[Data excerpts]
******************************
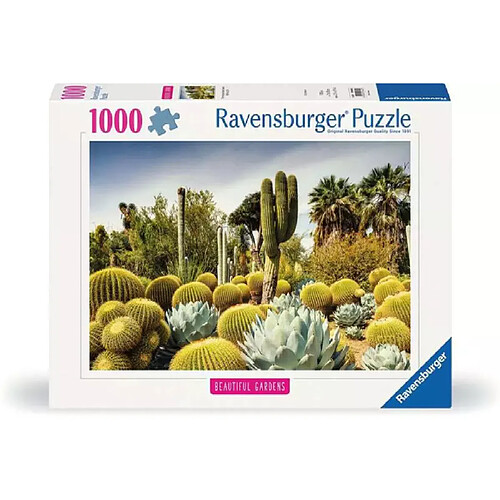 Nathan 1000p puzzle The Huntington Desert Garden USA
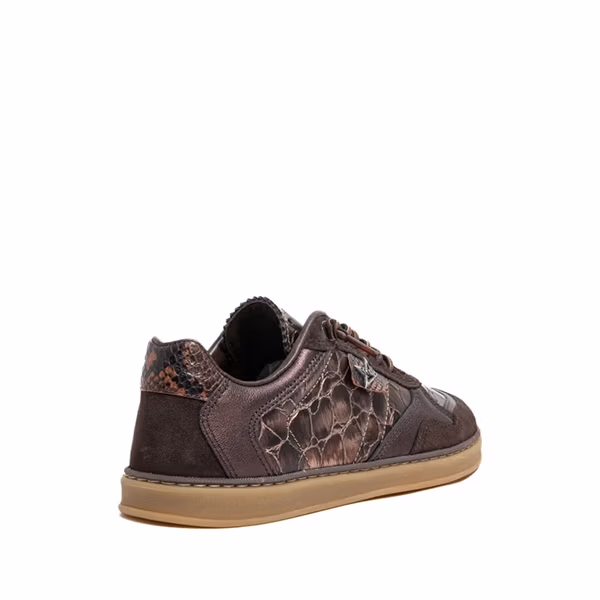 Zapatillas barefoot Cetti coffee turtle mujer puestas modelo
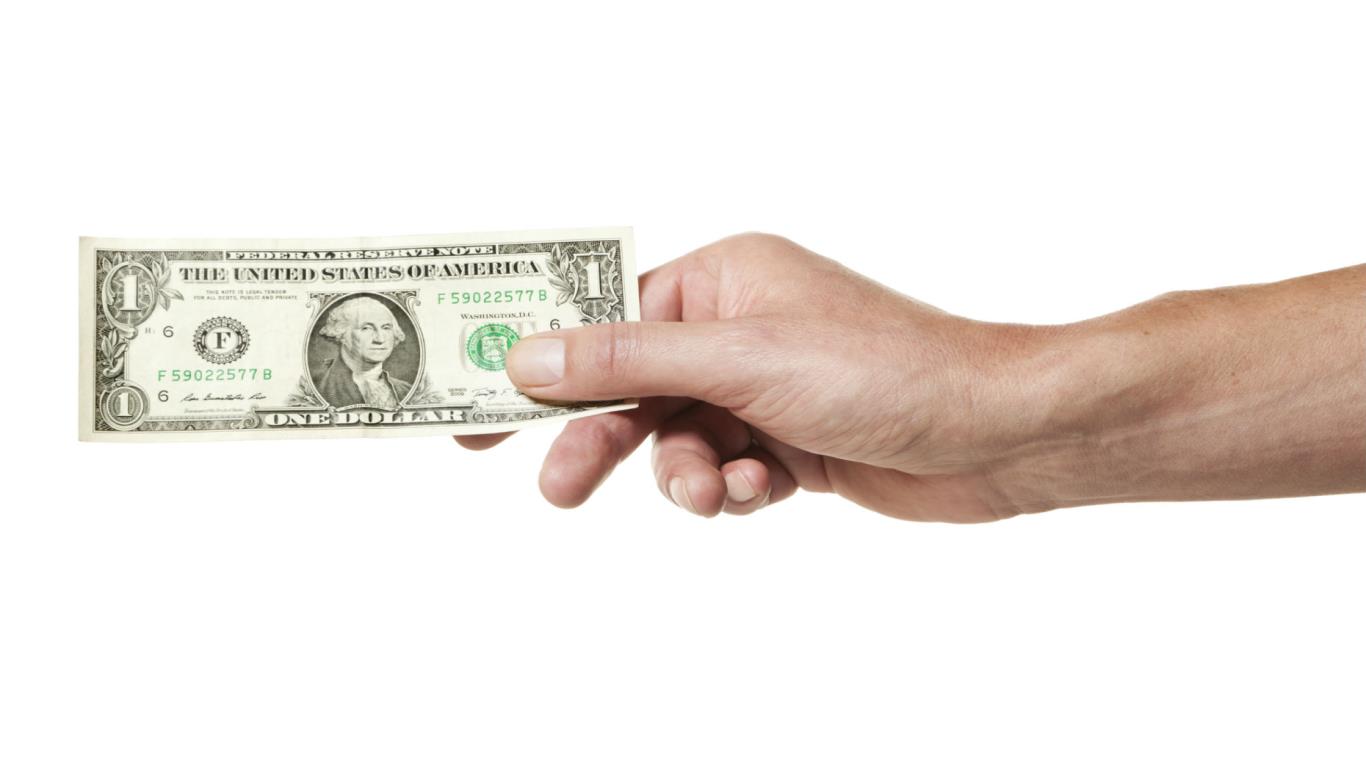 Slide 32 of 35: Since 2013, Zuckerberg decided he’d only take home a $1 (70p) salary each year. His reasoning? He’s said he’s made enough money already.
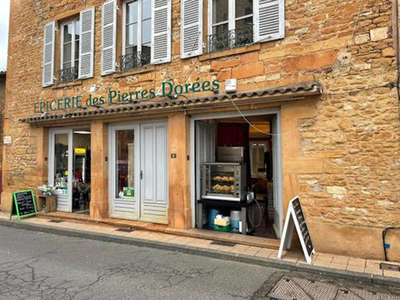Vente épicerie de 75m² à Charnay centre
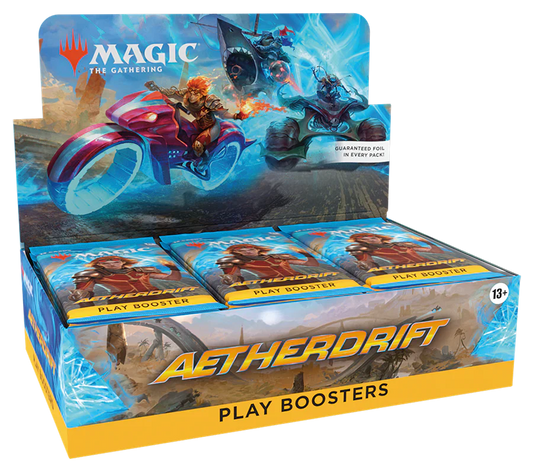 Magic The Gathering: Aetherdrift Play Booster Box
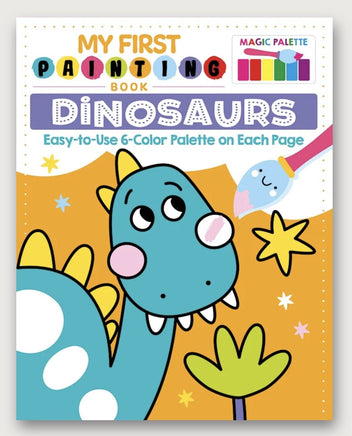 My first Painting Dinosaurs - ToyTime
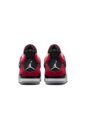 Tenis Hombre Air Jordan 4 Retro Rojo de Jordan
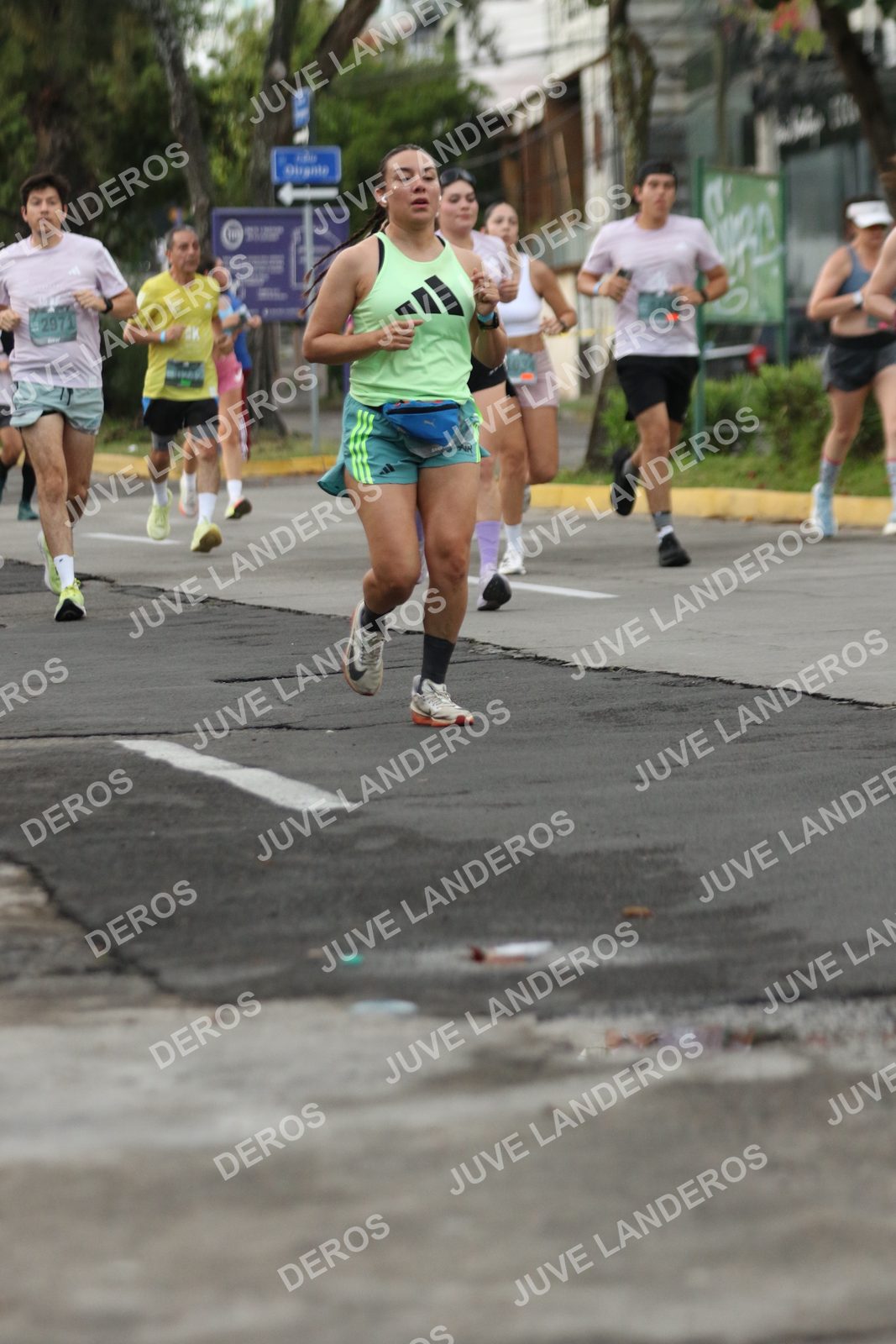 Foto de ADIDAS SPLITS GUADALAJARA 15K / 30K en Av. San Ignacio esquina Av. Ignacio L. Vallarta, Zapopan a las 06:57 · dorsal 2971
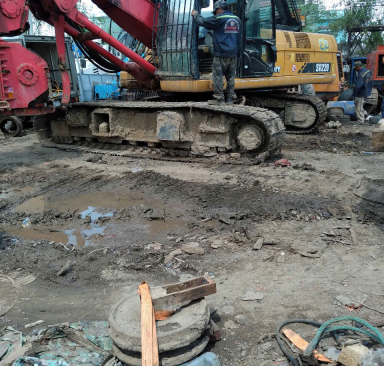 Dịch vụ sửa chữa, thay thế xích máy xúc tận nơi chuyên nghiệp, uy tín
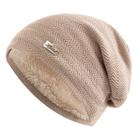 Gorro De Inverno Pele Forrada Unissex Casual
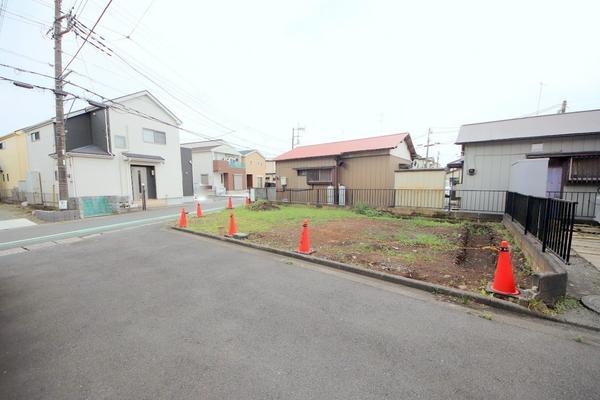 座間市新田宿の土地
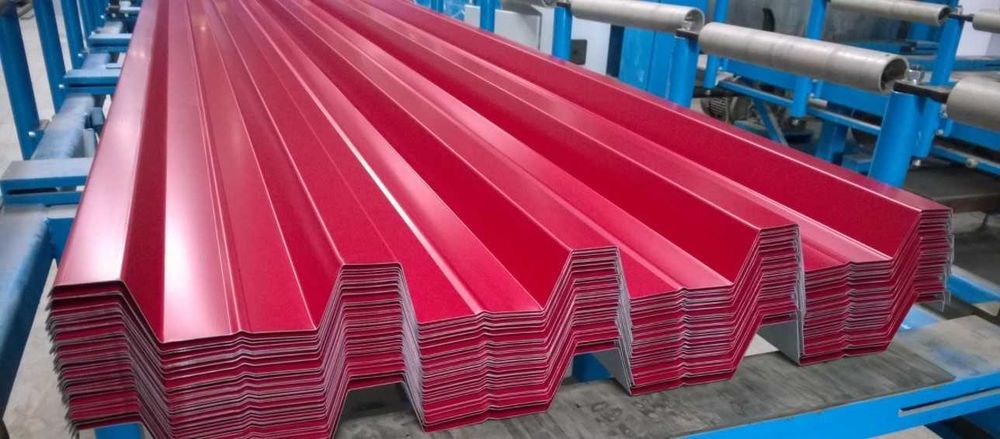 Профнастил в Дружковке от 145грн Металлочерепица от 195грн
******************************
What is expected: Exactly the lines from the one containing "Gorro De Inverno Pele Forrada Unissex Casual" through the last line of the data above should be output, both ends included, with every picture left out.

Final answer:
 Gorro De Inverno Pele Forrada Unissex Casual
 座間市新田宿の土地
 Профнастил в Дружковке от 145грн Металлочерепица от 195грн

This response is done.